- EXERCISE DIRECTIONS -
Every line below from the one containing "AllSaints Black Eclipse" through the one containing "Map of Mount Lour" is to be printed exactly, with the pictures omitted.

- PROVIDED DATA -
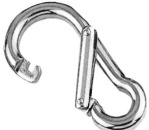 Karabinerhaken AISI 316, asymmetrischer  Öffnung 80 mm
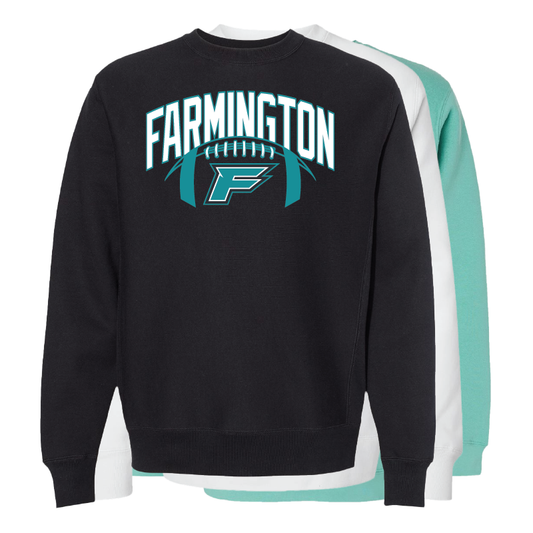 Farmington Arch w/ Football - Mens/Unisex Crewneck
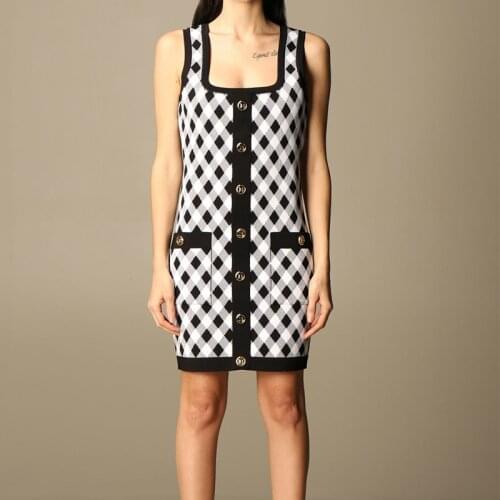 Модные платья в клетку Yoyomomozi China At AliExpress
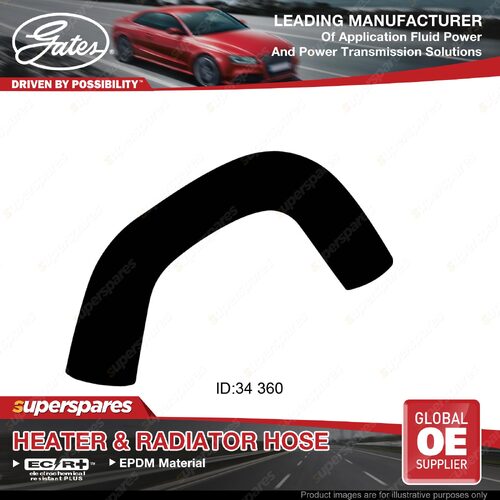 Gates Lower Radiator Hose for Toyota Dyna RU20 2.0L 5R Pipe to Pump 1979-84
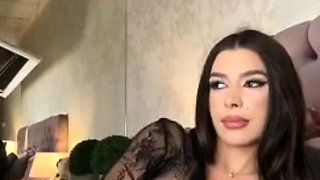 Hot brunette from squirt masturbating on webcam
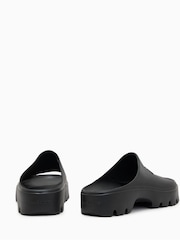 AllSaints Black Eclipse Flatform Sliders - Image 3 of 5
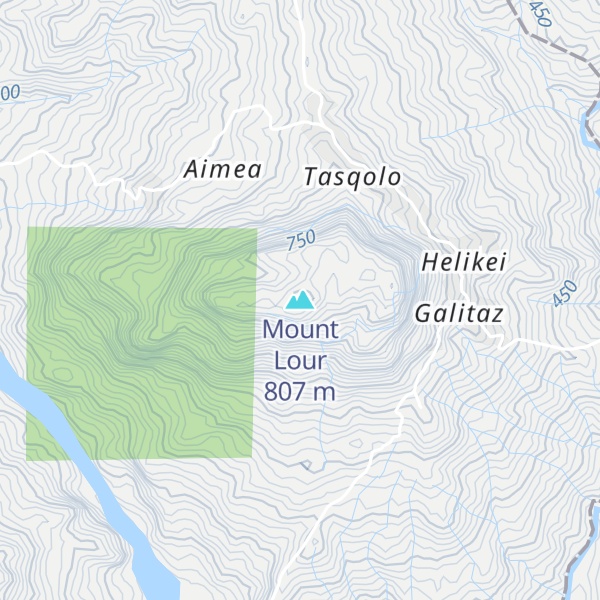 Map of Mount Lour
---
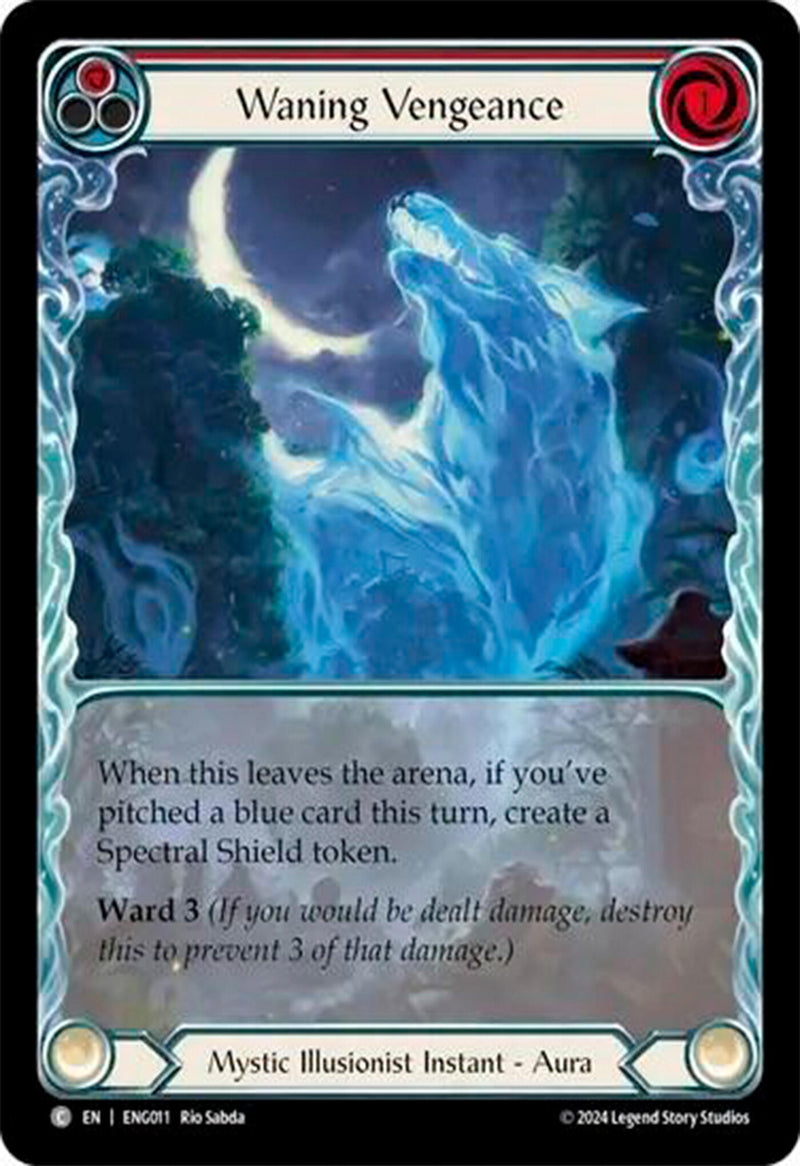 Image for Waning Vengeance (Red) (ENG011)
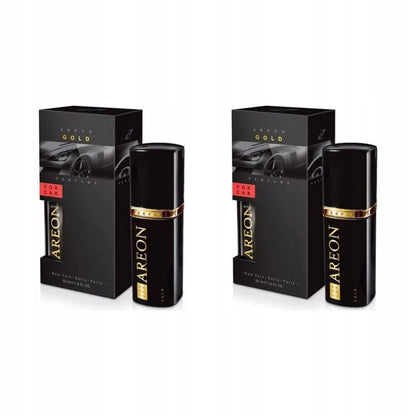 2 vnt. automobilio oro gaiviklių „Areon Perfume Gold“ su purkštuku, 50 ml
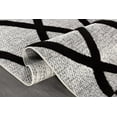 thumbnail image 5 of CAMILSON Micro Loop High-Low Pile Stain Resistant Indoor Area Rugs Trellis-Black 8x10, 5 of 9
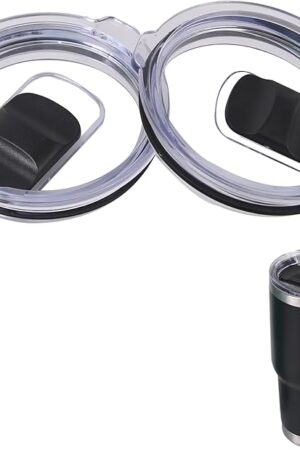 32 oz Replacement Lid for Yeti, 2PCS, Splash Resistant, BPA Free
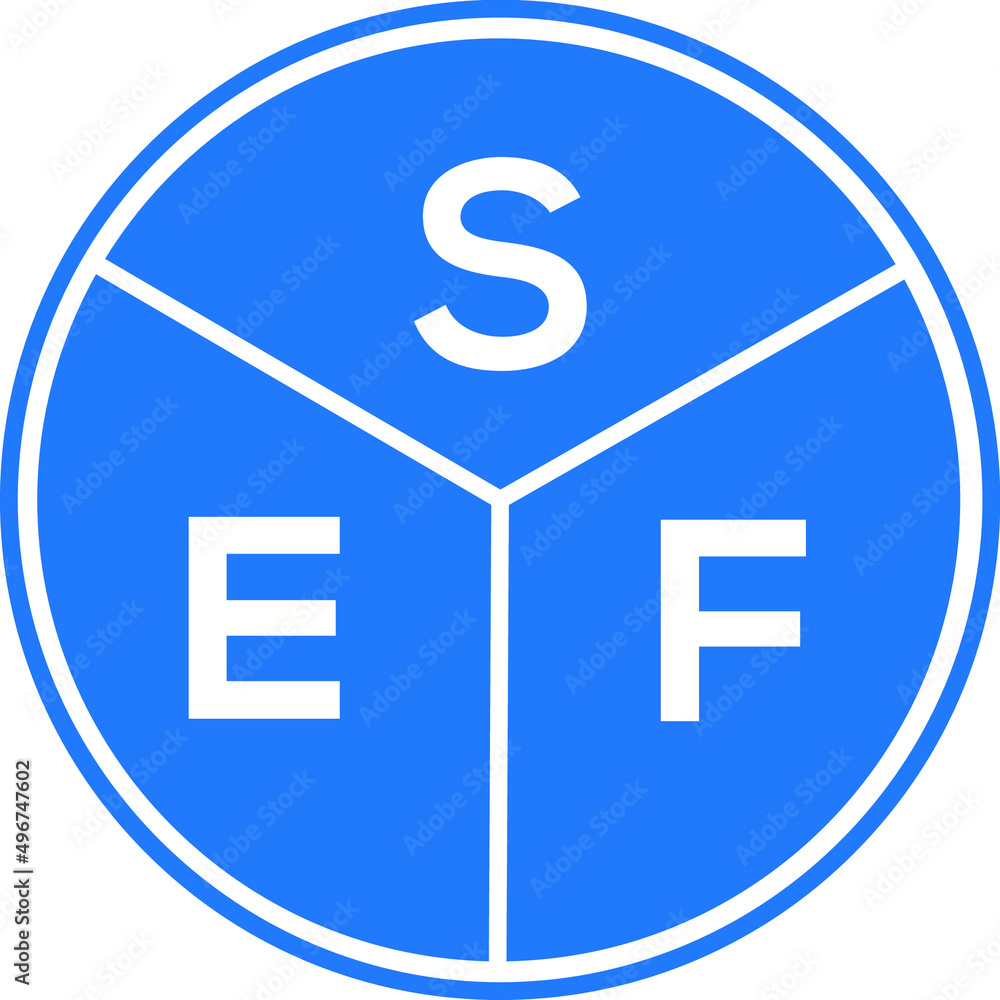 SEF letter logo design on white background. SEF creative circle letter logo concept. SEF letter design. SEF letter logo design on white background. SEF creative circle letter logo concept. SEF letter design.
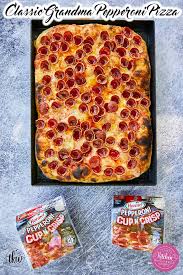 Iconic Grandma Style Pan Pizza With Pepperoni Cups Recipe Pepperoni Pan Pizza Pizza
...
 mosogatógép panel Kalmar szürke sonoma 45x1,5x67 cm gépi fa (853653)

- EXERCISE RESPONSE -
 AllSaints Black Eclipse Flatform Sliders - Image 3 of 5
 Map of Mount Lour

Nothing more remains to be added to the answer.